On trouvera ici l’hymne composée par un moine de Solesmes pour les matines de la fête de saint Augustin au propre de la « Congrégation de France ». Voici les antiennes du Magnificat et du Benedictus :

Augustinus et quadraginta monachi procedebant ut oves ad victimam, spectaculum mundo, angelis et hominibus, aereis potestatibus terribiles ut castrorum acies ordinata, alleluia.

Augustin et 40 moines s’avançaient comme des brebis qu’on mène au sacrifice, spectacle pour le monde, les anges et les hommes, terribles aux puissances de l’air comme une armée rangée en ordre de bataille, alléluia.

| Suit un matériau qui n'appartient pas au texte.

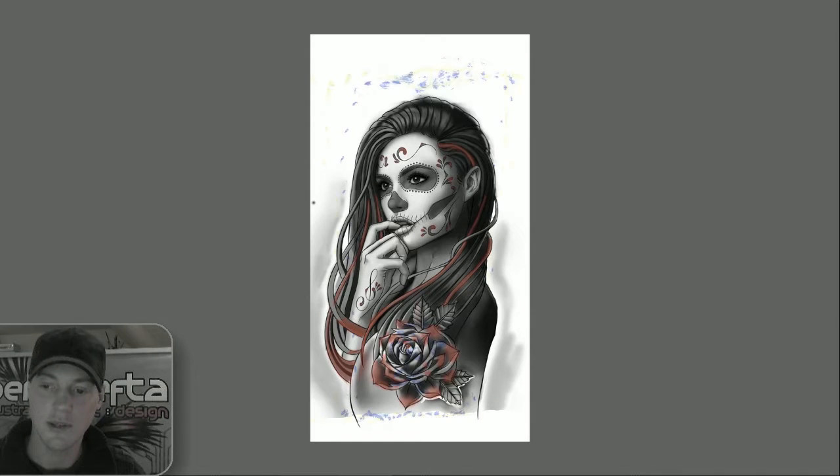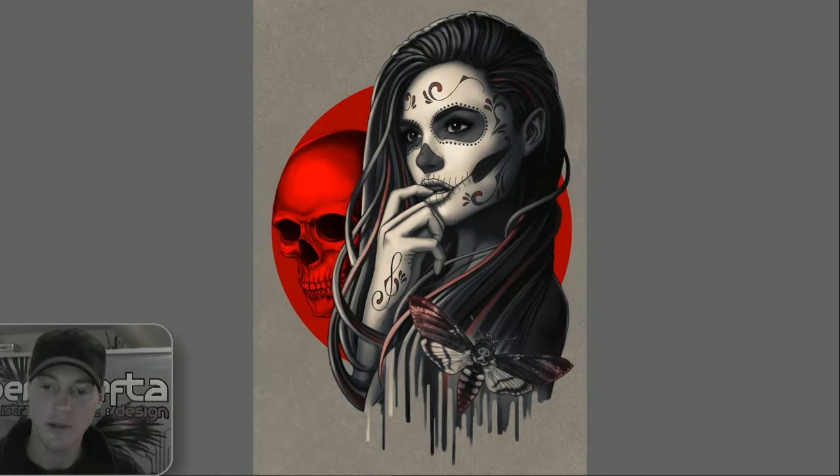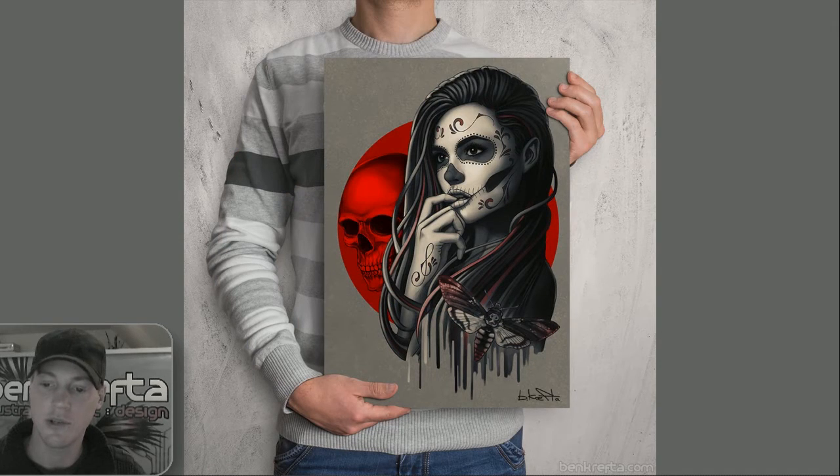From here, this piece of artwork was then turned into a design of its own. I replaced the rose with a death's head hawk moth at the bottom, added a skull and red circle to the background, and generally remastered and tidied up the whole piece.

(En dehors des premiers mots, toutes les expressions sont des citations de l’Ecriture : Isaïe et Jérémie, I Corinthiens, Ephésiens, Cantique des cantiques.)

Dux pacifer Augustinus cum beato sanctorum choro, elato crucis Domini triumphali vexillo, ingrediebatur civitatem, alleluia.

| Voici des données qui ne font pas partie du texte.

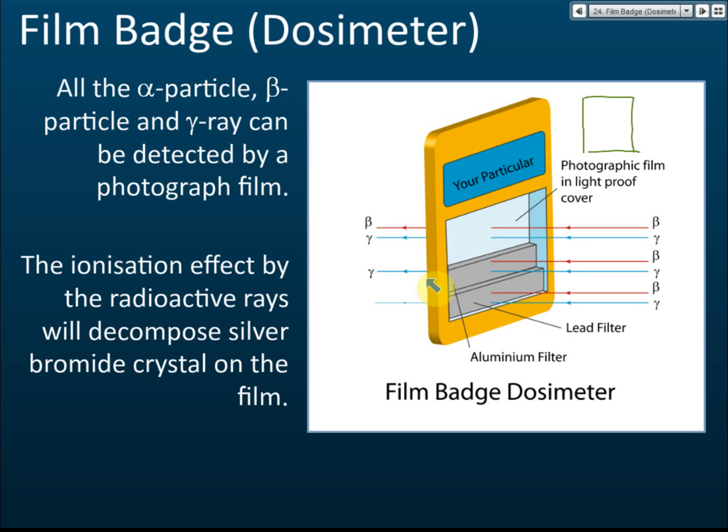You wear the badge when you go to work in conditions where you may be exposed to radioactivity, such as in a nuclear plant. You can't see radioactive emissions, so you wear the badge. At the end of the day you surrender it to the lab, which processes the film. If the film turned dark, you were exposed to radioactivity; if it is still light gray, you are safe.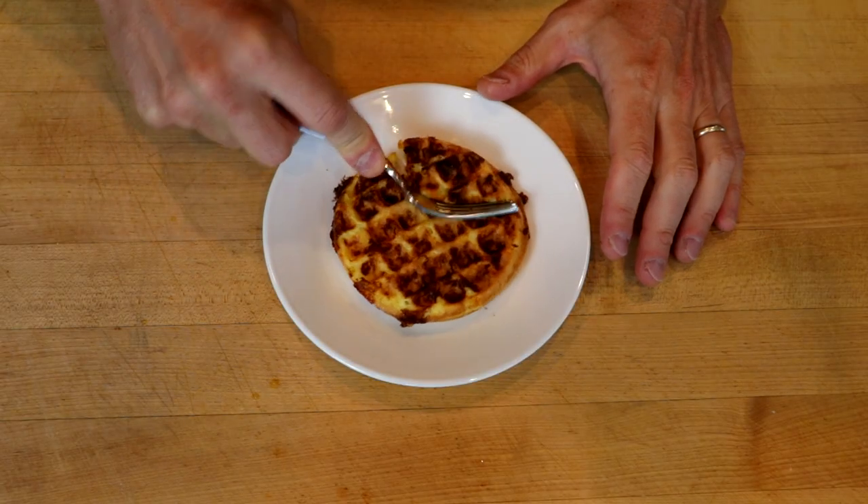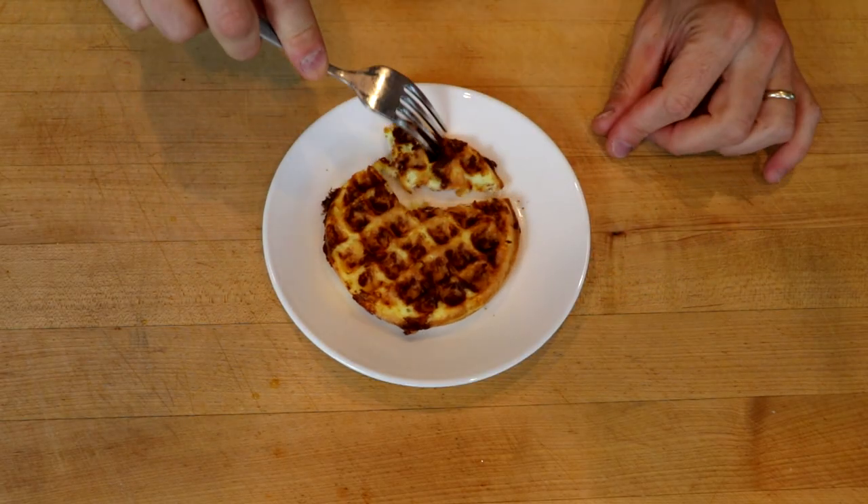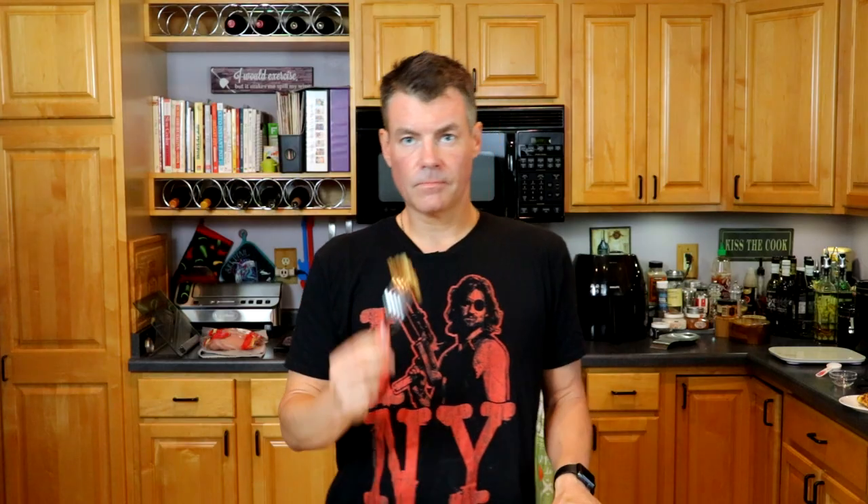Let's give it a taste. The base chaffle is fantastic. It still just blows my mind. With just two ingredients, you can make something that tastes so good. But I've never been one to leave well enough alone, so let's try it out with Birch Bender's Keto.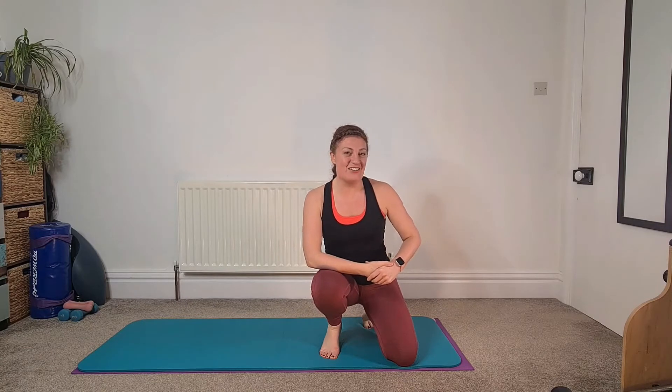Hi there, Leanne from Sona Pilates. Here are a few exercises you may want to start working into your running warm-ups and your daily conditioning in order to help support your running training and technique as you go out on the roads and the pathways.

Augustin, chef qui apporte la paix, avec le bienheureux chœur des saints, ayant levé l’étendard triomphal de la Croix du Seigneur, entrait dans la ville, alléluia.

(Pour cette antienne je ne trouve aucune référence biblique. Le seul « dux pacifer » qu’on trouve sur internet est Adolphe IV de Holstein, qui après sa victoire sur les Danois en 1227 se fit prêtre et se retira dans un couvent de cordeliers conformément au vœu qu’il avait fait…)

Commentaires

  • Gaffiot signale deux emplois de "pacifer", qui est une création des poètes romains. Dans l'Enéide de Virgile, pour qualifier l'olivier, arbre porte-paix ; et dans les Métamorphoses d'Ovide pour qualifier "le dieu pacificateur du mont Cyllène", qui est, je crois, Mercure.
    Il est probable que les poètes chrétiens ont repris l'adjectif...

  • Intéressant.

    Le dictionnaire de Lewis & Short (en ligne sur Perseus), nettement plus riche que notre Gaffiot, confirme votre jugement, et donne effectivement le mot comme poétique et post-classique.

    Il nous apprend aussi que pacifer est une épithète fréquemment appliquée aux dieux et héros : Mercure, Jupiter, Apollon, Mars, Hercule. C’est souvent le cas de Minerva pacifera. On trouve même une médaille frappée en l’honneur de Louis XV dont le revers présente Minerva pacifera :
    https://gallica.bnf.fr/ark:/12148/btv1b84088558.item

    Forcellini, également consultable en ligne, est encore plus riche que Lewis & Short. Il cite des inscriptions.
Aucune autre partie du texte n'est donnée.